* _WHAT IS BEING ASKED_
Drop every picture, then transcribe the remaining data exactly.

**** STORED DATA

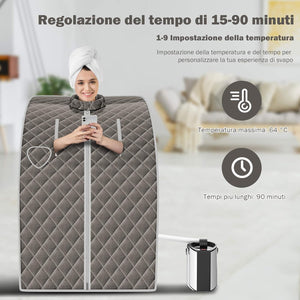 1000 W Sauna a Vapore Portatile con Telecomando, Sauna Domestica Bagno di Vapore con Sedia, Sauna Spa 3L, Funziona Timer 15-90 min (Grigio)
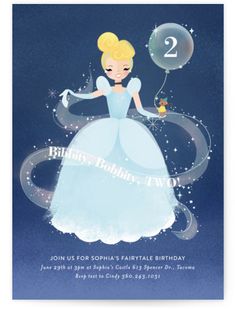 a birthday card with a princess holding a balloon and number two on the front, in blue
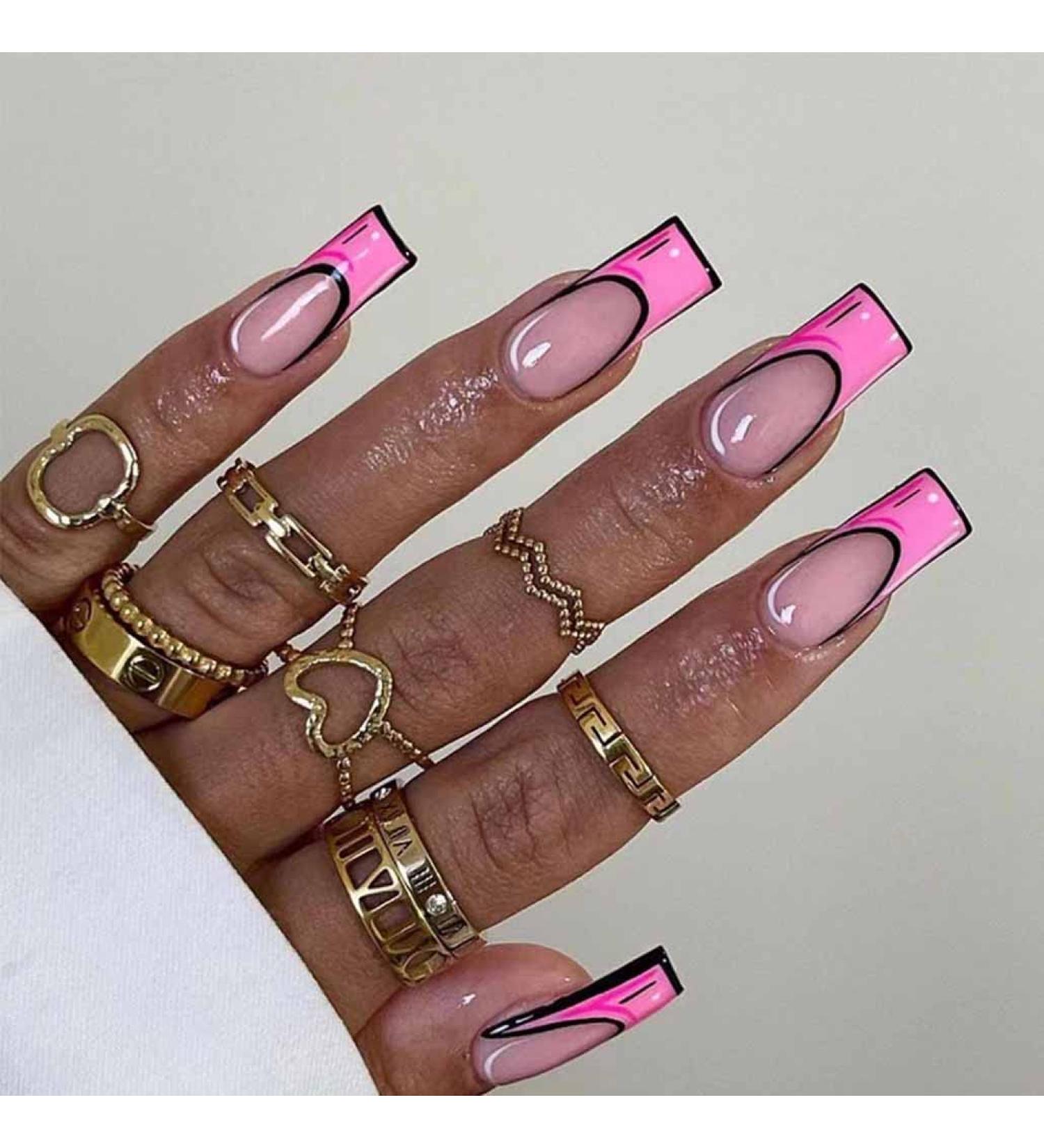 Foccna Pink Medium Long Press on Acrylic Fake Nails - 24pcs Square French Cartoon False Nails for Women and Girls - Buy Online on GoSupps.com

********

* _ANSWER SECTION_
 1000 W Sauna a Vapore Portatile con Telecomando, Sauna Domestica Bagno di Vapore con Sedia, Sauna Spa 3L, Funziona Timer 15-90 min (Grigio)
 a birthday card with a princess holding a balloon and number two on the front, in blue
 Foccna Pink Medium Long Press on Acrylic Fake Nails - 24pcs Square French Cartoon False Nails for Women and Girls - Buy Online on GoSupps.com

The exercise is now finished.